DATA RECORDS »
══════════════════════════════

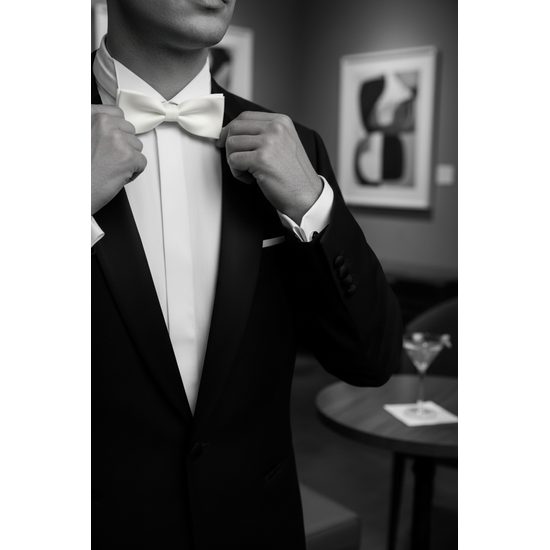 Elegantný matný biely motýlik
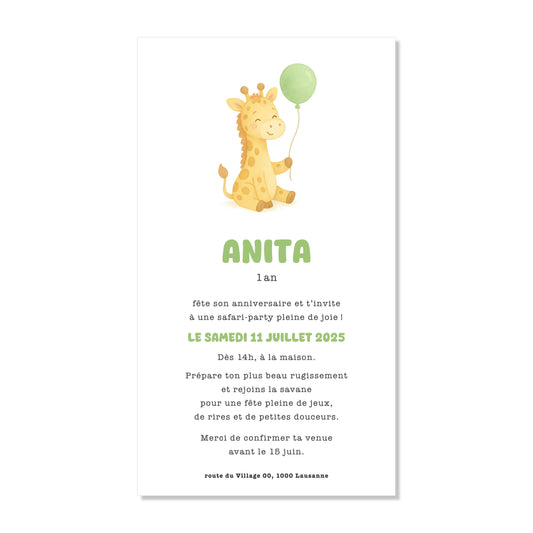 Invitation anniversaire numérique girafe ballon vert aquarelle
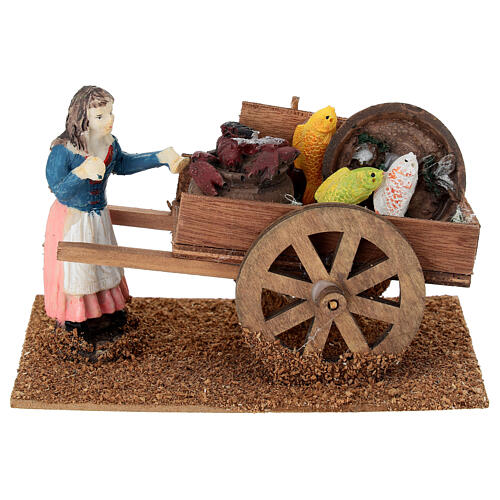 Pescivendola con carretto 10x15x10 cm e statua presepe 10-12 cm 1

══════════════════════════════

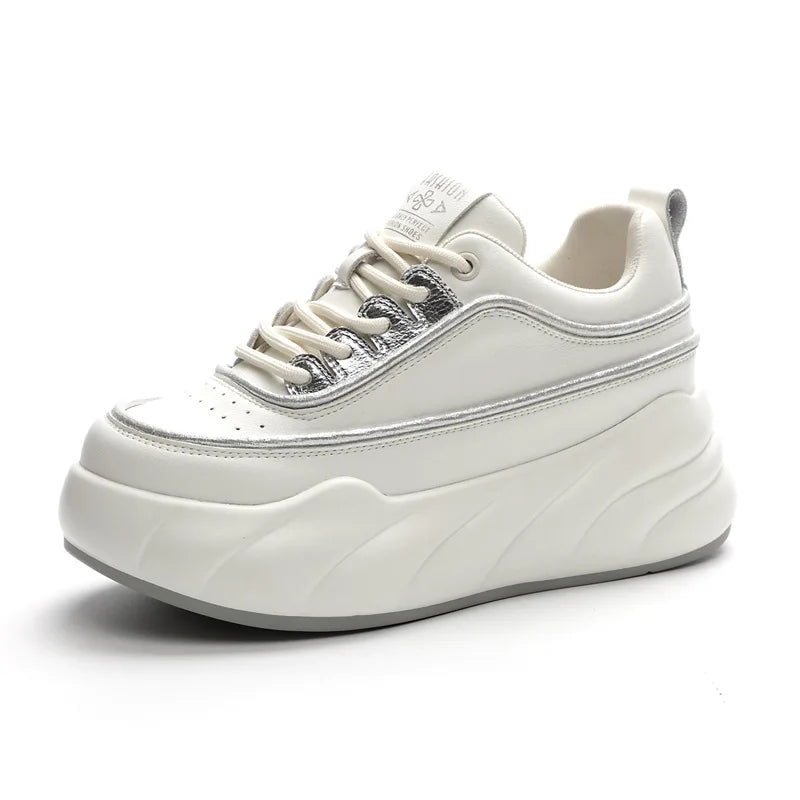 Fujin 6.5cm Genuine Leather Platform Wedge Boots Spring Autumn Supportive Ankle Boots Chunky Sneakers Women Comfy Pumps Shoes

══════════════════════════════

EXERCISE AIM » Reproduce the listing above exactly from the line containing "Invitation anniversaire numérique" up to and including the line containing "Pescivendola con carretto", omitting any images and everything outside those lines.

ANSWER TO THIS PROBLEM »
 Invitation anniversaire numérique girafe ballon vert aquarelle
 Pescivendola con carretto 10x15x10 cm e statua presepe 10-12 cm 1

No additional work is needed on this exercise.